Integration with SCM health check for visibility and troubleshooting.
Zscaler support for HA deployments.
Symmetric and asymmetric uplink connectivity
SteelHead SD provides symmetric and asymmetric uplink connectivity:
Symmetric - In symmetric mode, each peer appliance is connected to all uplinks so that they essentially act as a single appliance. For example, you can have the 2 WAN uplinks connected to the peer appliances with four uplinks. Each uplink operates as a separate tunnel with separate IP addresses assigned to each uplink. If there is an uplink failure, the tunnel on that uplink goes down and the traffic is moved to the backup appliance. The 3070-SD supports up to 6 uplinks, where you can have 1 internet and 2 MPLS WAN uplinks for a total of 6 uplinks.

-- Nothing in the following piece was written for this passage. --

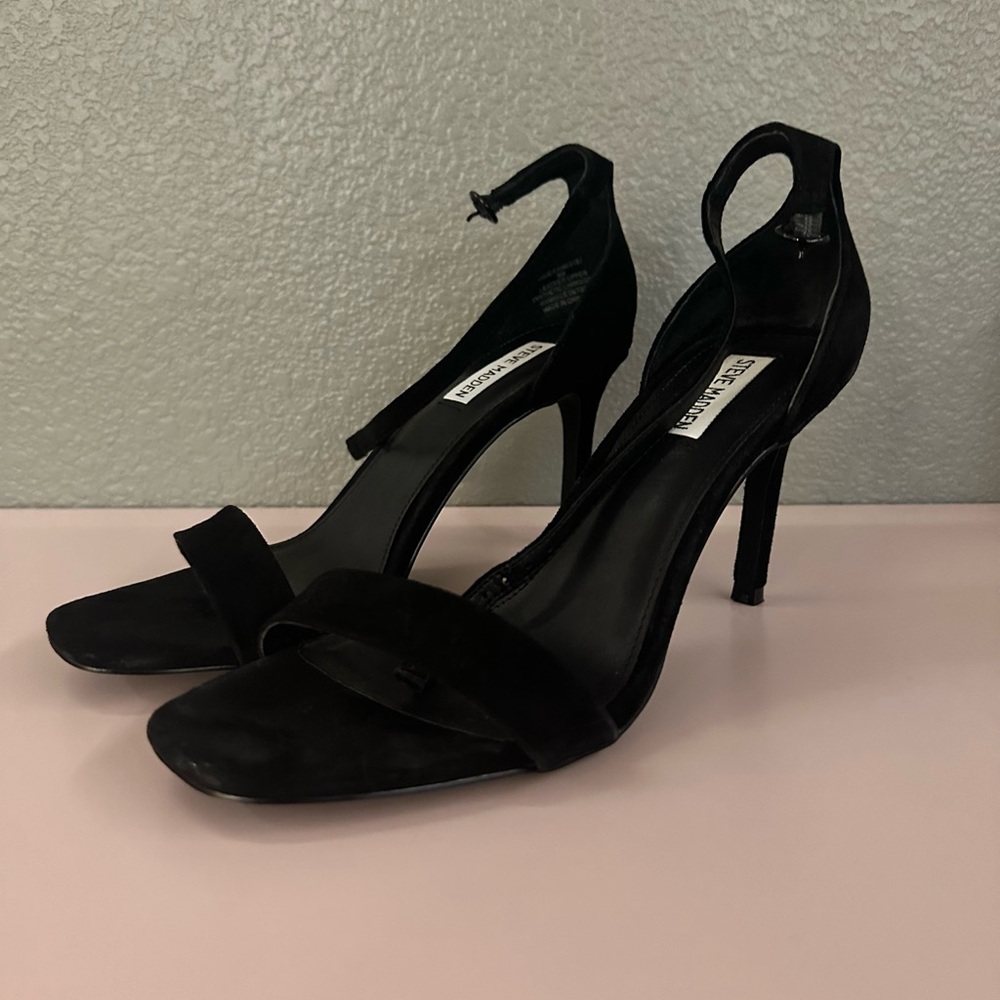 Steve Madden Fame Black Suede Pumps size 8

Asymmetric - In asymmetric mode, different WANs are connected to the peer appliances. If there is an appliance failure or a LAN-side fail over, the master appliance becomes to peer appliance.
Symmetric and asymmetric HA deployment examples at the branch
Layer 2 and Layer 3 support at the branch
With SteelHead SD 2.0, you can configure BGP and OSPF on the LAN branch.
You can configure iBGP between SteelHead SD HA peers if you want your overlay network to be advertised between the two appliances so that their routing tables are kept in synchronization. Also, you can have a combination of L2 and L3 zones so that if you have more than one LAN port configured, they can be a mix of L2 and L3. SteelHead SD uses iBGP between the peers to redistribute the overlay and connected routes.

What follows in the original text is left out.